OEMs are “not targeted,” but still get hit first

CBAM does not need to name OEMs to affect them. The deck makes the exposure explicit: the sector relies on carbon-intensive steel and aluminium, so it is vulnerable to cost hikes.

What this looks like in practice:

  • Increased material costs as embedded emissions become priced. 

  • Supply chain reassessment because supplier footprints become a sourcing variable, not a sustainability sidebar. 

  • Competitiveness pressure as EU manufacturers face higher costs than regions without carbon pricing. 

What the “best response” starts to resemble:

  • Co-invest with suppliers in cleaner production. 

  • Shift to lower-carbon inputs like recycled aluminium, green steel, and hydrogen-based steel. 

  • Use EU Green Deal incentives like the Innovation Fund to fund decarbonisation. 

The border becomes a cost curve, and “cheapest” can flip

CBAM’s most strategic effect is not that it adds cost, but that it can re-rank suppliers.

Blast Furnance – Basic Oxygen Furnance example shows the mechanism: as free allowances phase out and ETS prices rise (with a reference point of €125/tCO₂ by 2030), carbon-adjusted procurement economics change. 

In the scenario shown, CBAM begins eroding China’s price advantage by 2026 and by 2030 European BF-BOF steel becomes the more cost-efficient option for Finnish buyers, with the illustrated cost difference moving from -€4/t (2026) to +€32/t (2030). 

This is the CEO-level shift: carbon intensity stops being an ESG metric and starts acting like a pricing attribute.

The new moat is carbon evidence, not carbon ambition

If CBAM becomes a cost curve, then data quality becomes competitive strategy.
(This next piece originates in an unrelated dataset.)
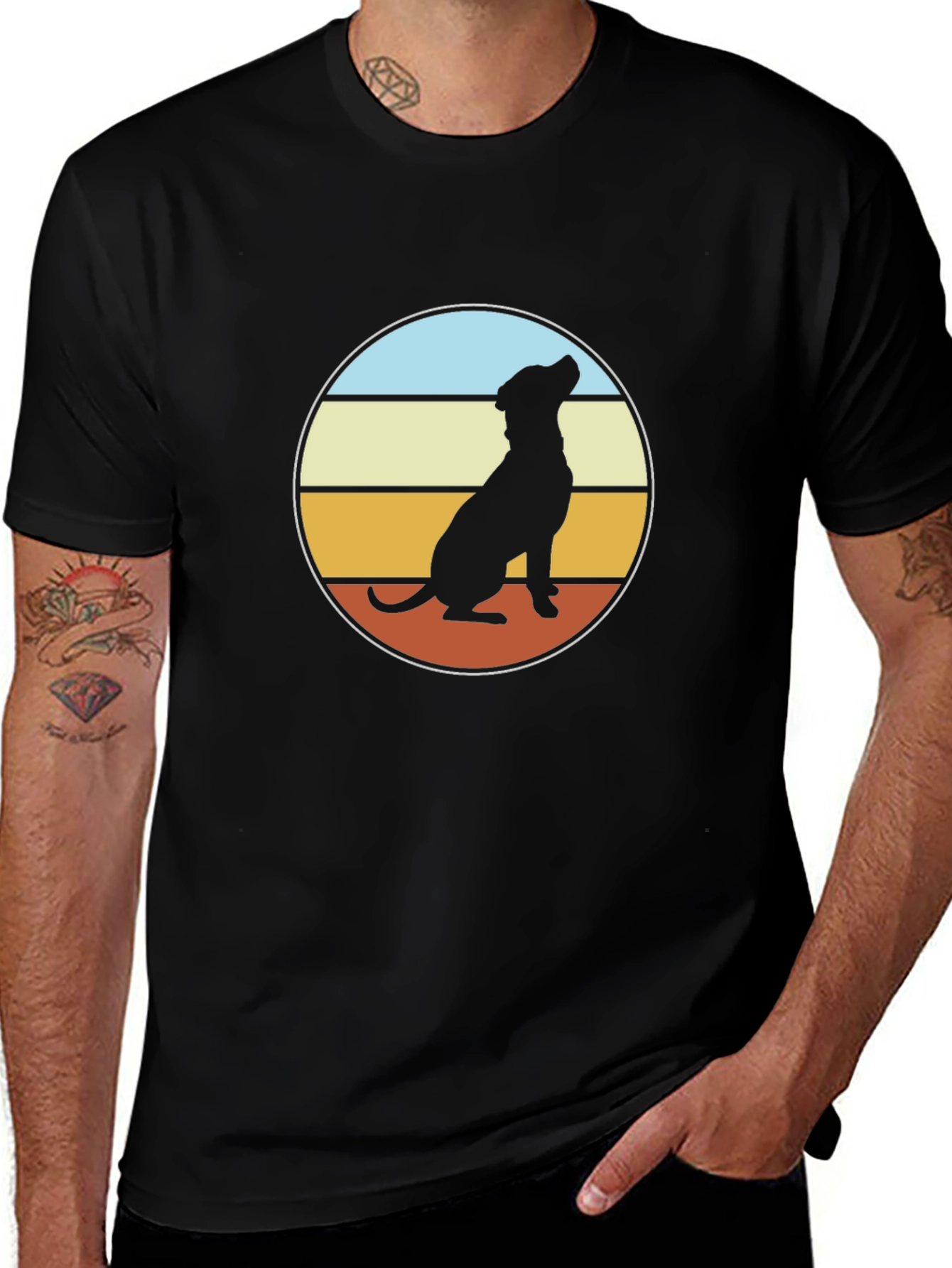 Variant 5 of Retro Dog Silhouette T-Shirt - Classic Style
Two “open questions” from industrial goods leaders in the deck make the board conversation sharper: 

  • Will CBAM extend to finished goods or components beyond raw materials, and what is the timeline? The deck notes ongoing work toward downstream goods, with an indicative (not conclusive) path: consultation concluded in August 2025, proposal expected Q4 2025, and potential first wave late 2026 to 2027. 

  • What is the embedded emissions methodology, and when are actual vs default values allowed? From 2026 onward, reporting follows Implementing Regulation (EU) 2023/1773, requires independent verification, uses actual emissions wherever verifiable, and keeps default values as fallback, with country-specific defaults expected late 2025 and a markup to discourage over-reliance on estimates. 

The thought-provoking bit: your supplier with the best carbon story is not necessarily the winner. The winner is the supplier who can prove it, consistently, at scale.

CBAM will not be “managed” away, only designed around

The companies that treat CBAM as compliance will experience it as a surprise cost.

The companies that treat CBAM as strategy will use it to reshape sourcing, lock in credible low-carbon supply, and turn carbon-adjusted cost into a competitive advantage. 

The question to settle now is simple: When embedded emissions becomes a priced input, do you want to be negotiating from evidence or from assumptions?